Question

determine whether the series is convergent or divergent

Answer 1

\[\sum_{n=2}^{\infty}\frac{ 6 }{ (n+2)(\ln(n+2)) }\]

Answer 2

@ganeshie8 does that mean that because "ln" is in this denominator, that it is automatically divergent?

Answer 3

It is divergent, yes. but having a "ln" in the denominator wont make it automatically divergent.
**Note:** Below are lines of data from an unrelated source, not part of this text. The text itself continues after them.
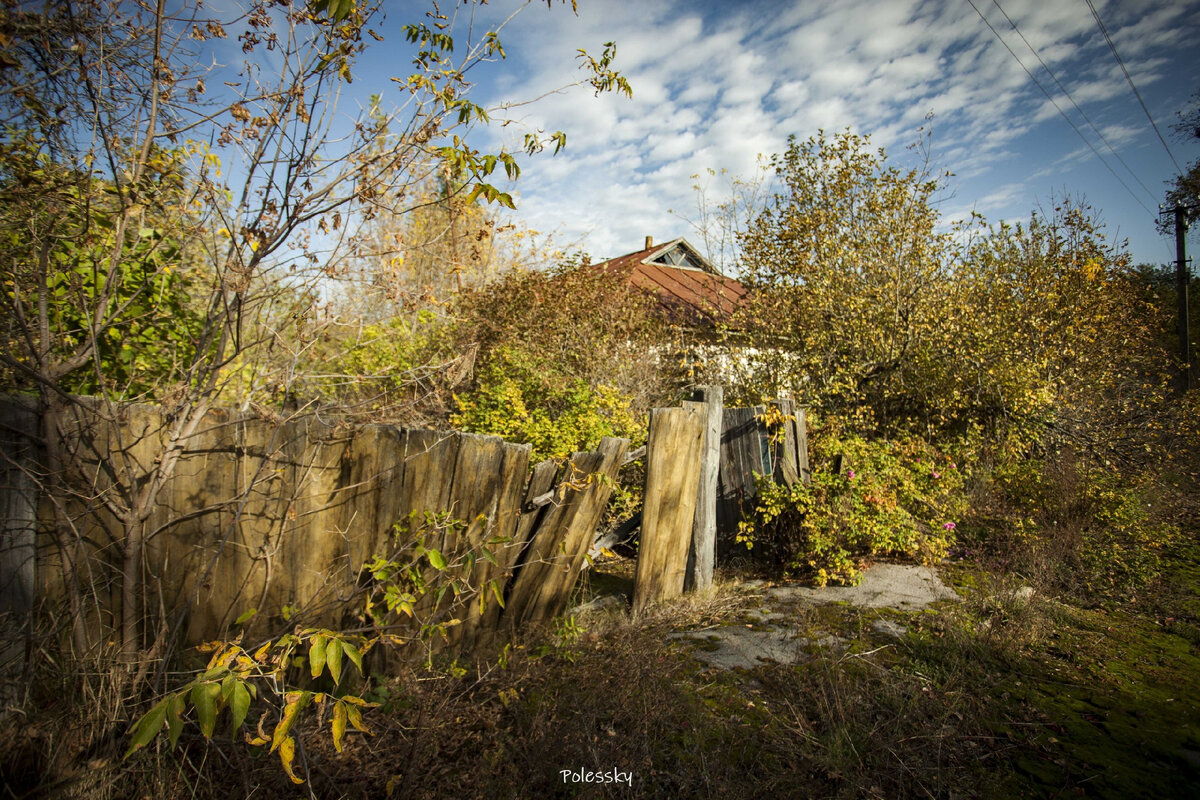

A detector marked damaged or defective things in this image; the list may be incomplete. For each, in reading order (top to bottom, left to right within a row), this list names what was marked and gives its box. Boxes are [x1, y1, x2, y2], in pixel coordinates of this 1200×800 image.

rusty red roof [592, 238, 744, 328]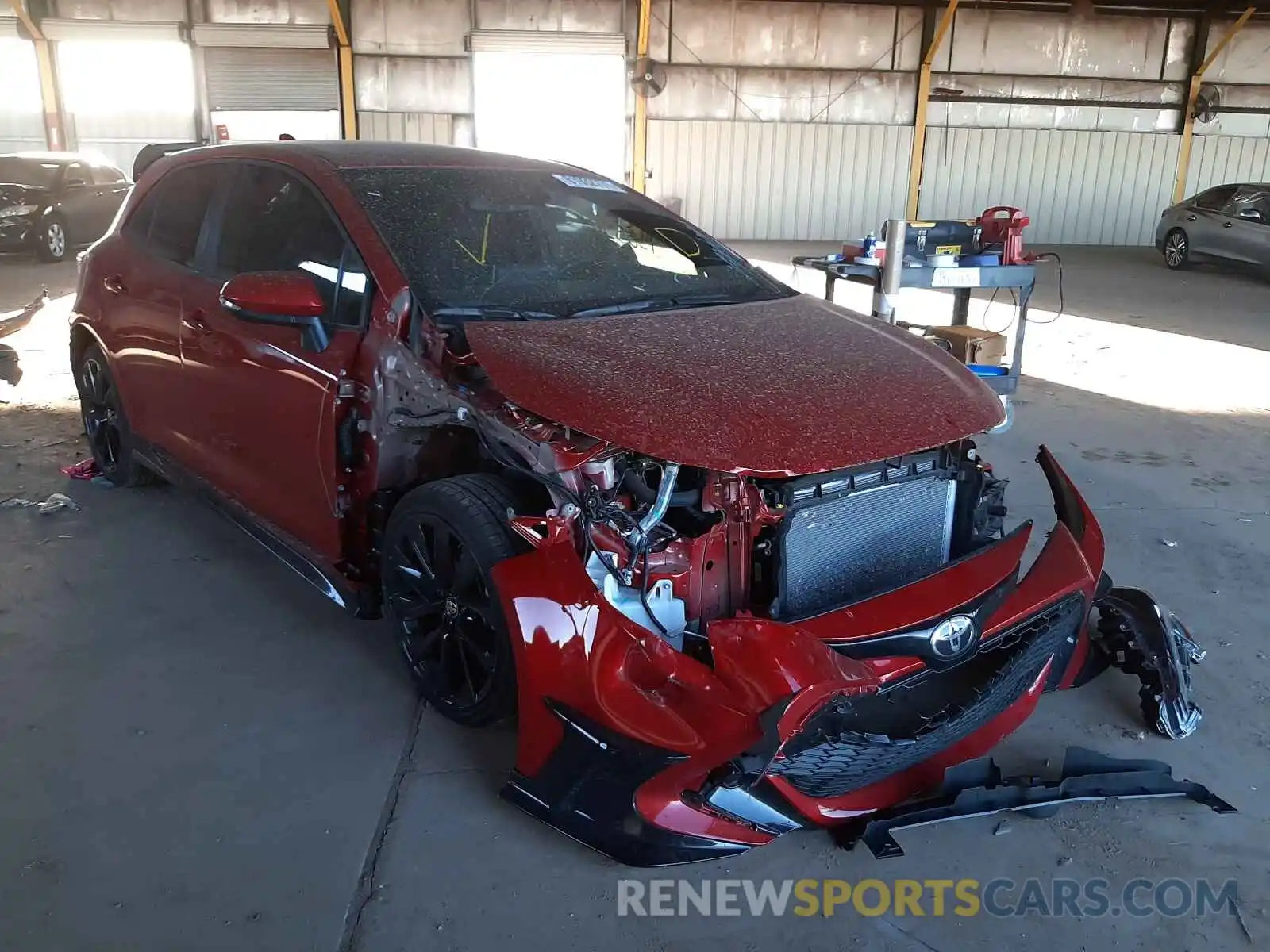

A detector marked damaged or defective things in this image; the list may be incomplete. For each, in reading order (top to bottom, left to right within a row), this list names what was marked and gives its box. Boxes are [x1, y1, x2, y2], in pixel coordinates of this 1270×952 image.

shattered windshield [337, 167, 794, 321]
crumpled hood [460, 294, 1010, 476]
damaged front bumper [489, 451, 1219, 869]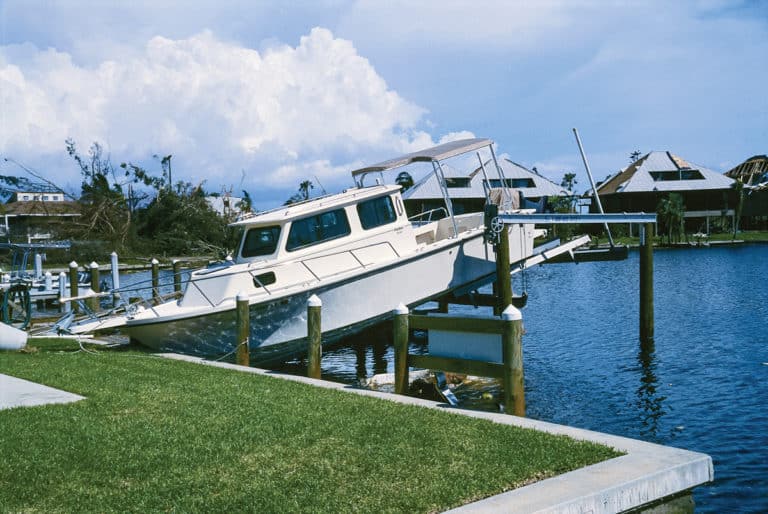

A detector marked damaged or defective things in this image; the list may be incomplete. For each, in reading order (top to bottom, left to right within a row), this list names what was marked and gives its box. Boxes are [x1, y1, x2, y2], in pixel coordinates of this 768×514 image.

What does it mean for a series to diverge ?

Answer 4

1 + 1/2 + 1/3 + 1/4 + ...

does that series converge ?

Answer 5

1/n = diverge

Answer 6

^ that was the answer to your question above

Answer 7

thats right but that doesnt answer my qeuestion
im asking when do you say a series diverges ?

Answer 8

oh.. im not sure

Answer 9

Loosely speaking a `series` is "sum" of numbers

an `infinite series` is "sum" of infinite numbers

Answer 10

we say an `infinite series` converges when the "sum" converges to some number

otherwise we call it diverging

Answer 11

try the integral test, this was taylor made for that one (no pun intended)

Answer 12

i guess it was intended, since the expression should be "tailor made"

Answer 13

@ganeshie8 I see what you mean now

Answer 14

@satellite73 idk why but i suck at the integral test

Answer 15

make n in to x and integrate
this one is a straight up u -sub

Answer 16

hmm.. i have a lot to learn

Answer 17

\[\int_2^{\infty}\frac{dx}{(x+2)\ln(x+2)}\] put \(u=\ln(x+2)\) and you get the integral right away

Answer 18

\[6[( \ln (x+2) )( \ln (x+2)]\] evaluated from x-->2 ?

Answer 19

no, that is not the anti derivative

Answer 20

hi x!

Answer 21

YES, I am still here trying to understand how to do a problem like this

Answer 22

going by what satellite73 did
\[u=\ln(x+2) \Longrightarrow du=\frac{dx}{x+2}\]
\[x=2 \Longrightarrow u=2\ln 2\\ x=\infty \Longrightarrow u=\infty\]

Answer 23

hey what going on :)

Answer 24

just failing miserably over here

Answer 25

wouldnt a limit test be easier here? just asking

Answer 26

\[\int_{2\ln 2}^{\infty}\frac{du}{u}=\Large \left(\ln u \right]_{2\ln 2}^{\infty}\]

Answer 27

so we take the limit of lnu as u tends to oo

Answer 28

ooohhh.. you made that look way easier. I am not good with ln

Answer 29

apparently the limit is oo so this stuff diverge

Answer 30

wow....

Answer 31

thank u! it always helps me to SEE what you are thinking

Answer 32

that is what i was looking for

Answer 33

\[\lim_{u \to \infty}\ln u=\infty\]
you see it by graph